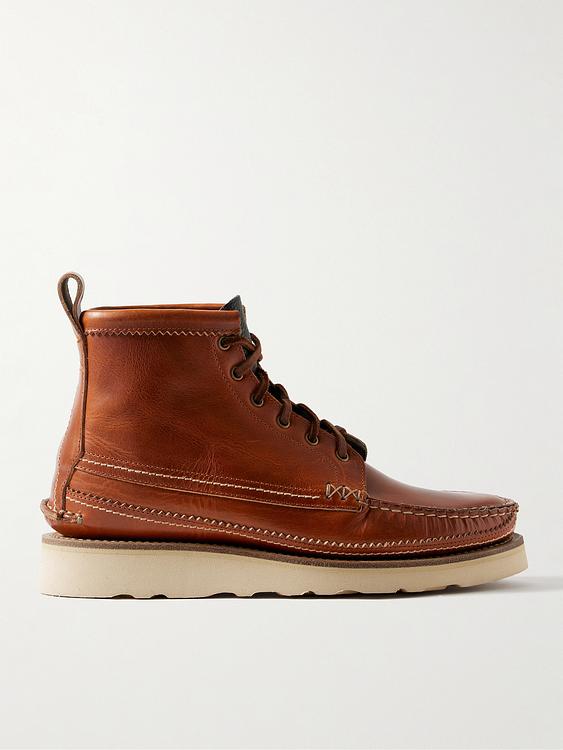 Dark brown lace-up boots from Yuketen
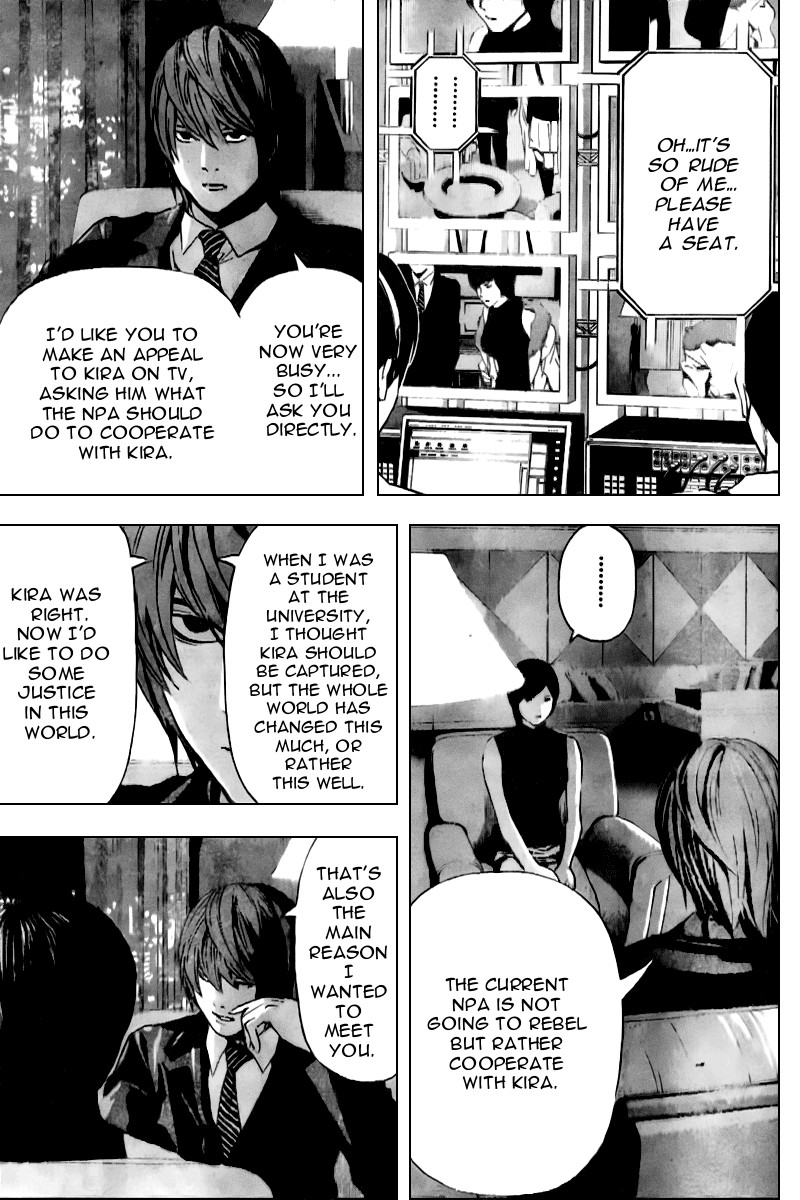 Death Note chapter 87 page 16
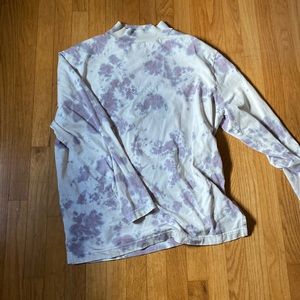 Oversize CHNGE Tie Dye Mock Neck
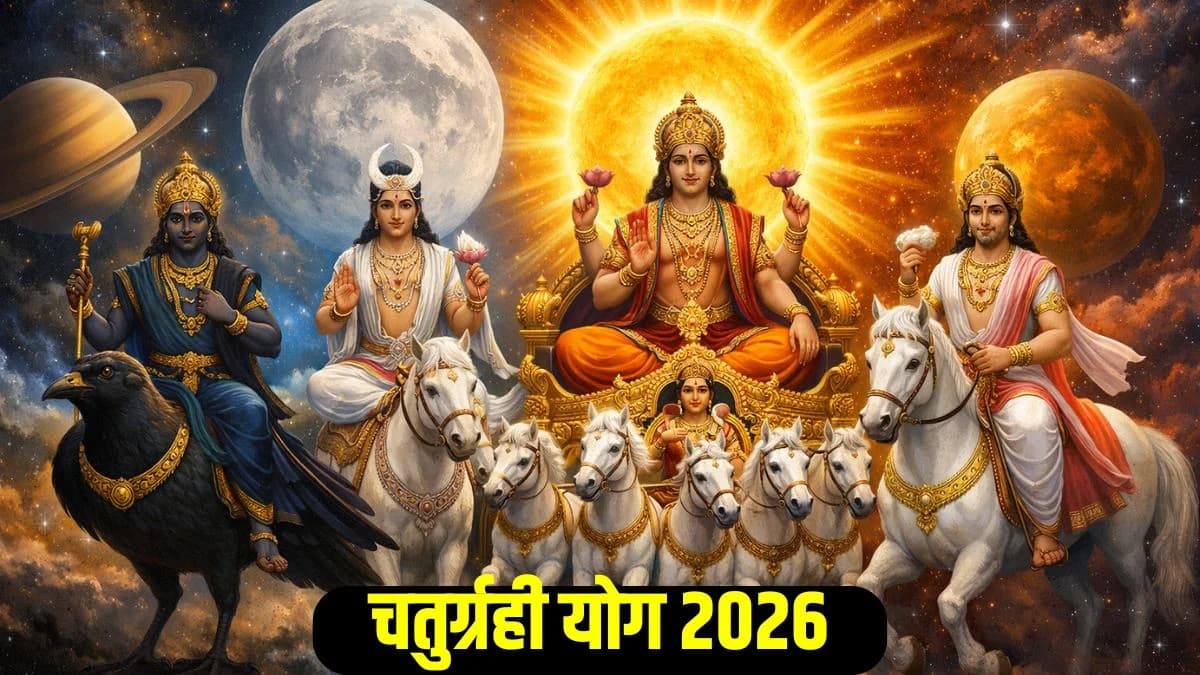 Chaturgrahi Yog: चतुर्ग्रही योग 4 राशियों की किस्मत में लगा देगा चार चांद, जानें कौन सी हैं वो राशियां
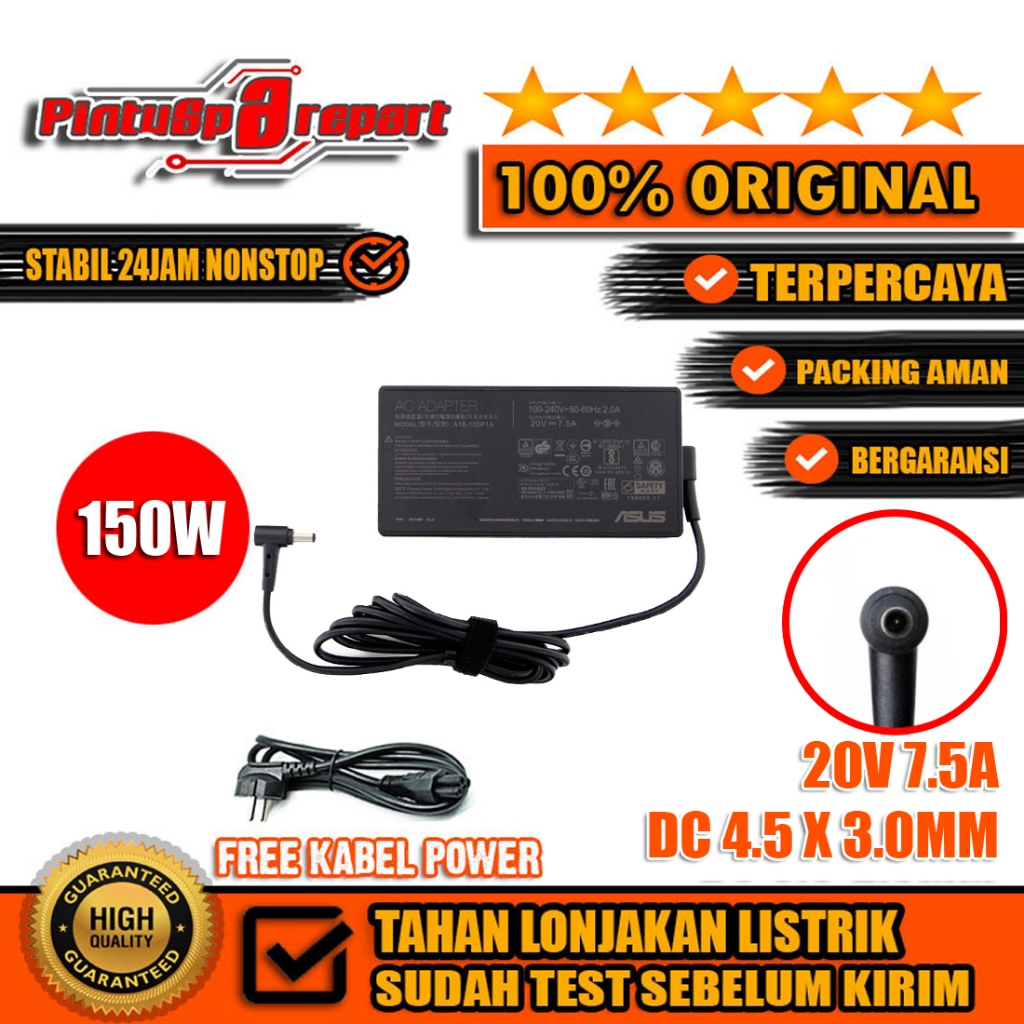 (GENUINE 150W) ORIGINAL NEW CHARGER ASUS VIVOBOOK PRO 15 K6502Z K6502ZC K6502HE K6502 K6502ZC-OLEDS5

★ ★ ★

> **What is expected**: Would you retype every record above exactly, leaving out the pictures?

> **Finished exercise**:
 Dark brown lace-up boots from Yuketen
 Death Note chapter 87 page 16
 Oversize CHNGE Tie Dye Mock Neck
 Chaturgrahi Yog: चतुर्ग्रही योग 4 राशियों की किस्मत में लगा देगा चार चांद, जानें कौन सी हैं वो राशियां
 (GENUINE 150W) ORIGINAL NEW CHARGER ASUS VIVOBOOK PRO 15 K6502Z K6502ZC K6502HE K6502 K6502ZC-OLEDS5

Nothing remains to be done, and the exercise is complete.